8  Getting Started with Regular Expressions

So far you have learned some basic and intermediate functions for handling and working with text in R. These are very useful functions and they allow you to do many interesting things. However, if you truly want to unleash the power of strings manipulation, you need to take things to the next level and learn about regular expressions.

In this chapter, we use functions from the package "stringr"

library(stringr)

8.1 What are Regular Expressions?

The name “Regular Expression” does not say much. However, regular expressions are all about text. Think about how much text is all around you in our modern digital world: email, text messages, news articles, blogs, computer code, contacts in your address book—all these things are text. Regular expressions are a tool that allows us to work with these text by describing text patterns.

A regular expression is a special text string for describing a certain amount of text.

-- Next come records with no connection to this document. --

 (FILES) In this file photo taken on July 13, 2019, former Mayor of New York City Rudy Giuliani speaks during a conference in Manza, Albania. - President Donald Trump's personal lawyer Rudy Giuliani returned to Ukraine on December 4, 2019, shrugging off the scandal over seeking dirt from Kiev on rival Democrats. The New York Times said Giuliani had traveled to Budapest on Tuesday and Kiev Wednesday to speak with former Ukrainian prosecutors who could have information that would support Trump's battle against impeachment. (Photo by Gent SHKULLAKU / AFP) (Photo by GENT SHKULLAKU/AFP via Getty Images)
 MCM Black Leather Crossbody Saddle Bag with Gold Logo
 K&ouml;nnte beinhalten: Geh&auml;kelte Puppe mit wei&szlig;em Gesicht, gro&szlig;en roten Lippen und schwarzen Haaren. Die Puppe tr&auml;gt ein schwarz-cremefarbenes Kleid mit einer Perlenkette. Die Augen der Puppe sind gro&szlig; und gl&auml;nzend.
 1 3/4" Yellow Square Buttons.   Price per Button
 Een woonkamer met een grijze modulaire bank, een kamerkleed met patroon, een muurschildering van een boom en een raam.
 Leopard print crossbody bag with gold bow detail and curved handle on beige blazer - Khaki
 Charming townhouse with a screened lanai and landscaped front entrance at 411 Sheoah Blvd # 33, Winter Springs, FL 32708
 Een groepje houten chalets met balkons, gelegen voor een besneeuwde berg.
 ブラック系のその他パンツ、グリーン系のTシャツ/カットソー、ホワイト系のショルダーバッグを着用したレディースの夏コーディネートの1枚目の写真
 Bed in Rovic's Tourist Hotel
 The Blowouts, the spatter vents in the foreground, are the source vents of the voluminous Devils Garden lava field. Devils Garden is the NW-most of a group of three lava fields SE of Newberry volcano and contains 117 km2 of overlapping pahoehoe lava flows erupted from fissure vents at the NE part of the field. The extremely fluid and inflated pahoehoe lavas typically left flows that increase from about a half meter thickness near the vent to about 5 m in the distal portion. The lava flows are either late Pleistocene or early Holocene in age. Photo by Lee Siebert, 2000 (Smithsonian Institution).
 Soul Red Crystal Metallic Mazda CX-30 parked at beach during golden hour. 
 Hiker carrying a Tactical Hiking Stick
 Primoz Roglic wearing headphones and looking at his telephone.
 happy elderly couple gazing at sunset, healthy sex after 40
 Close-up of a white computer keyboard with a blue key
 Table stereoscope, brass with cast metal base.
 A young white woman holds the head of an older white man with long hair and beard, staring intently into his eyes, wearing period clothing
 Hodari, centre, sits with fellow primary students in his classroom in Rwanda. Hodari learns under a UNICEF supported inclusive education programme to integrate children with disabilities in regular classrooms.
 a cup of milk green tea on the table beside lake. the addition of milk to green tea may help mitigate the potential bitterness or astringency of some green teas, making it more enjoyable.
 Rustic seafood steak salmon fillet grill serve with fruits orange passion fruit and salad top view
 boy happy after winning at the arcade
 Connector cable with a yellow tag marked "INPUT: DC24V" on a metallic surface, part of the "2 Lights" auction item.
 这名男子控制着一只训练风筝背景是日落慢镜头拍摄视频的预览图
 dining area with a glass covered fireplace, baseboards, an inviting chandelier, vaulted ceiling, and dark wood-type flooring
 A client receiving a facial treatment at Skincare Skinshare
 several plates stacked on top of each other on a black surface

This “certain amount of text” receives the formal name of pattern. In other words, a regular expression is a set of symbols that describes a text pattern. More formally we say that a regular expression is a pattern that describes a set of strings. In addition to this first meaning, the term regular expression can also be used in a slightly different but related way: as the formal language of these symbols that needs to be interpreted by a regular expression processor. Because the term “regular expression” is rather long, most people use the word regex as a shortcut term. And you will even find the plural regexes.

It is also worth noting what regular expressions are not. They’re not a programming language. They may look like some sort of programming language because they are a formal language with a defined set of rules that gets a computer to do what we want it to do. However, there are no variables in regex and you can’t do computations like adding 1 + 1.

8.1.1 What are Regular Expressions used for?

We use regular expressions to work with text. Some of its common uses involve testing if a phone number has the correct number of digits, if a date follows a specifc format (e.g. mm/dd/yy), if an email address is in a valid format, or if a password has numbers and special characters. You could also use regular expressions to search a document for gray spelt either as “gray” or “grey”. You could search a document and replace all occurrences of “Will”, “Bill”, or “W.” with William. Or you could count the number of times in a document that the word “analysis” is immediately preceded by the words “data”, “computer” or “statistical” only in those cases. You could use it to convert a comma-delimited file into a tab-delimited file or to find duplicate words in a text.

In each of these cases, you are going to use a regular expression to write up a description of what you are looking for using symbols. In the case of a phone number, that pattern might be three digits followed by a dash, followed by three digits and another dash, followed by four digits. Once you have defined a pattern then the regex processor will use our description to return matching results, or in the case of the test, to return true or false for whether or not it matched.

8.1.2 A word of caution about regex

If you have never used regular expressions before, their syntax may seem a bit scary and cryptic. You will see strings formed by a bunch of letters, digits, and other punctuation symbols combined in seemingly nonsensical ways. As with any other topic that has to do with programming and data analysis, learning the principles of regex and becoming fluent in defining regex patterns takes time and requires a lot of practice. The more you use them, the better you will become at defining more complex patterns and getting the most out of them.

Regular Expressions is a wide topic and there are books entirely dedicated to this subject. The material offered in this book is not extensive and there are many subtopics that I don’t cover here. Despite the initial barriers that you may encounter when entering the regex world, the pain and frustration of learning this tool will payoff in your data science career.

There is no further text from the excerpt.